The New York Fed also released historical student loans figures, by quarter, dating back to the first quarter of 20031 as part of this quarter’s report. These data show that student loan debt has substantially increased since 2003, growing $663 billion. Outstanding student loan debt surpassed credit card debt as the second highest form of consumer debt in the second quarter of 2010.
“Student loan debt continues to grow even as consumers reduce mortgage debt and credit card balances,” said Donghoon Lee, senior economist at the New York Fed. “It remains the only form of consumer debt to substantially increase since the peak of household debt in late 2008.”
Additionally, 90+ day delinquency rates for student loans steadily increased from 6.13 percent in the first quarter of 2003 to its current level of 8.69 percent. They remain higher than that of mortgages, auto loans and home equity lines of credit (HELOC).2 90+ day student loan delinquencies were at their peak during the third quarter of 2010 at 9.17 percent and are the only form of those delinquencies to increase this quarter (by 0.24 percent).
The New York Fed’s latest Quarterly Report on Household Debt and Credit also includes data on mortgages, credit cards, auto loans and delinquencies.
Other highlights from the report include:
- Mortgage balances shown on consumer credit reports fell again ($81 billion or 1.0 percent) during the quarter.
- Mortgage originations, which we measure as appearances of new mortgages on consumer credit reports, rose to $412 billion and are 17.4 percent below their first quarter 2011 level.
- Credit card balances, at $679 billion, were 21.6 percent below their fourth quarter 2008 peak of $866 billion.
- The number of credit inquiries within six months–an indicator of consumer credit demand–declined slightly, 0.5 percent, and is now 15.5 percent above its first quarter 2010 trough.

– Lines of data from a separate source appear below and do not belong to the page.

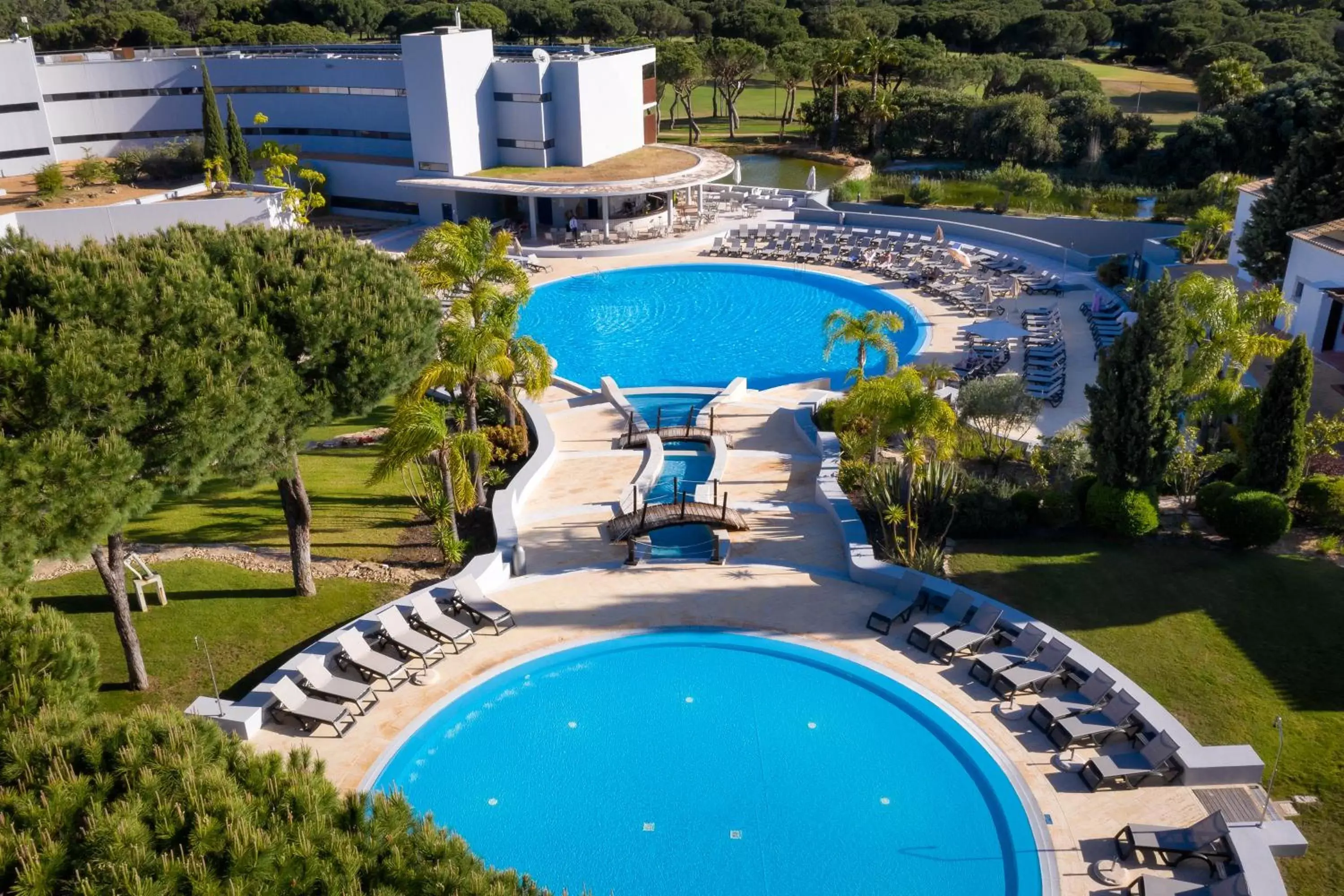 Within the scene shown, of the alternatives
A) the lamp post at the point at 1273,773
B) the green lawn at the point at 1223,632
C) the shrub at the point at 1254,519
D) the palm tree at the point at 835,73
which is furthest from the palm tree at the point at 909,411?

- Auto loan originations rose 2.1 percent in the quarter, to $72 billion, and are 43.6 percent above their trough level in quarter one of 2009.
- About $1.06 trillion of consumer debt is currently delinquent, with $796 billion seriously delinquent (at least 90 days late or “severely derogatory”).

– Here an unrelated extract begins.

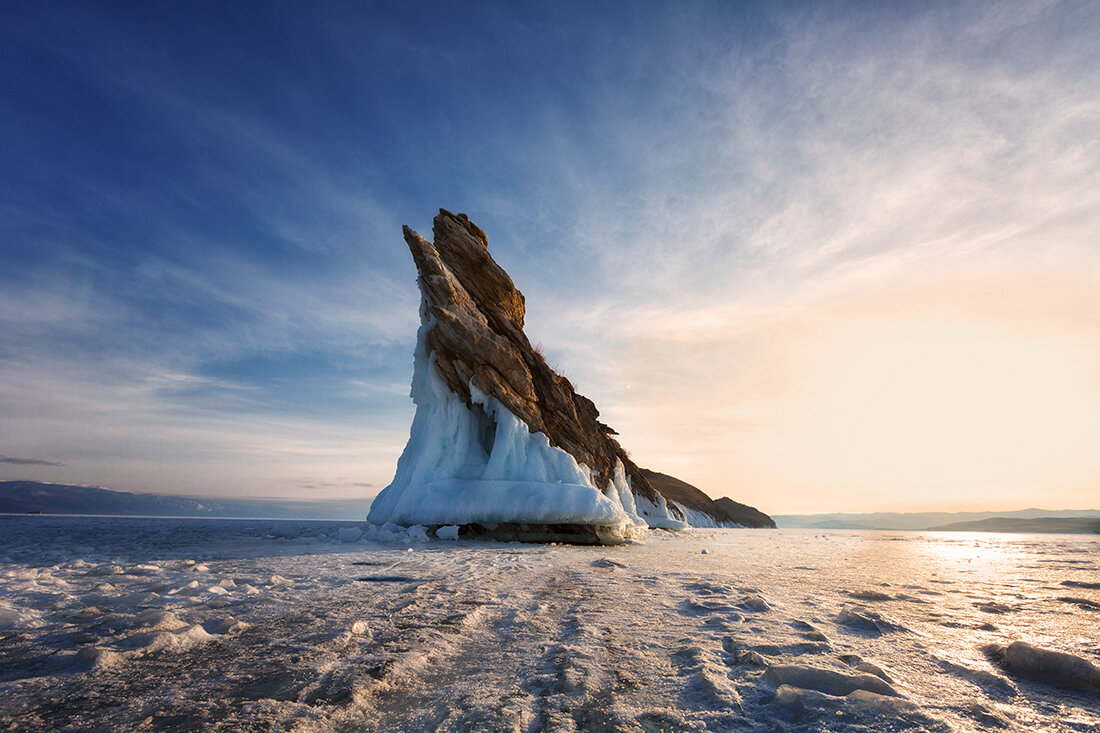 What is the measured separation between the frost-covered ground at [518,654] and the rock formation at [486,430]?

About the New York Fed’s Quarterly Report on Household Debt and Credit
The New York Fed’s Quarterly Report on Household Debt and Credit provides unique data and insight into the credit conditions and activity of U.S. consumers. The report, which is updated quarterly, includes information on various aspects of consumer debt, including bankruptcies, per capita debt levels, total debt levels and composition of debt, new originations of installment loans, total balance by delinquency status, foreclosures and new delinquencies by loan type for the U.S. and select states. The report is aimed at helping community groups, small businesses, state and local government agencies and the public to better understand, monitor and respond to trends in borrowing and indebtedness at the household level. The report is based on data from the New York Fed’s Consumer Credit Panel, which represents a nationally representative random sample drawn from Equifax credit report data. Sections of the report are presented as interactive graphs on the New York Fed’s Household Credit web page and the full report is available for download.
# # #
As of the Q1 2012 report, the Quarterly Report will provide data and charts over a ten year period. Note that reported aggregates, especially in 2003-2004, may reflect some delays in the reporting of student loans by servicers to credit bureaus which could lead to some undercounting of student loan balances. Quarterly data prior to Q1 2003, excluding student loans, will remain available on the Household Credit webpage
2 As explained in a recent blog post, these delinquency rates for student loans are likely to understate actual delinquency rates because almost half of these loans are currently in deferment or in grace periods and therefore temporarily not in the repayment cycle. This implies that among loans in the repayment cycle delinquency rates are roughly twice as high.